I have had continuing worsening of symptoms over the past year. There is not an hour that goes by without something. NOW my symptoms are decreased feeling in face. Extreme periods of pain in neck, but only on one side at a time. Shock like sensations up and down my spine, but mostly in the middle of my back, and now the shock like sensations burn as well. Random pain and tingling in legs and arms. A sensation that feels like an arm band around my upper arms. Muscle twitches, weird feelings of vibrations in my legs. Sharp stabbing pains in the bottoms of my feet. Muscles around the eye, left eye only twitching. Lips tingling. Throat having a sensation of closing. Foggy brain, hard to communicate all the time. I can talk, I just have a hard time formulating the words. But NO HEADACHE. Yeah for me, the migraines are through. LOL. So the neuro orders a brain test with some scan. Negative. Mri. Nothing. Blood work. SOMETHING. Yeah for me! NOT CRAZY!! It is a "PROFOUND" b12 deficiency. This can mimic ms apparently, so I start taking injections. Once a DAY of a week, then once a week for 6, and now I am on once every 4.(It's been about 7 months of b12) Blood work shows that levels are now normal, but all the above symptoms are WORSE. Now I get pain in my left thigh that feels very deep, like in the bone. I have pain in my back and sometimes pain in my arms. The hot spots are throughout my whole body, so is the twitching. Everything is getting worse. Also, I have poor heat sensitivity. I got hot the other day and my skin flushed. I felt like I was on fire. It hurt so bad through my whole body and I had to get cold. I took a cold shower and then layed down and was back to "normal" about an hour after. Called neuro, he said hormones...early menopause, but ordered a new blood work up and a spinal tap.
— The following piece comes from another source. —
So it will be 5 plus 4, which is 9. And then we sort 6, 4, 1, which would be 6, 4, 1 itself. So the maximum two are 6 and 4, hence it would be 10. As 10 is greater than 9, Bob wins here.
The spinal tap showed "slighty elevated protien levels", but was probably caused by stress, so says neuro. Now he has a SUPER FUNNY joke about "drilling holes in me and letting out the evil spirits".
Then my left eye started to HURT. Nothing relieved it. Called neuro, he referred me to an optomologist who said I had nerve inflamation in that eye only. Good news though, I have 20/20 vision. He said he thought it was allergies, which I dont have, and prescribed prednisone drops. The drops kind of worked, but not really. After I stopped them, the pain came back. He looked again and said that he just didn't know, but here are some allergy drops. I never used them, but suddenly, my eye stopped hurting. It hasn't hurt since (about 2 weeks).
NOW neuro has referred me to University of Utah medical center to an ms specialist.. What???? I thought there was no sign of ms???? Appointment is in JUNE. I am freaked out. Does this sound like ms to you? I am not wanting to "borrow trouble" but seriously, if not ms, then WHAT????
Thanks for any advice or help you can give me.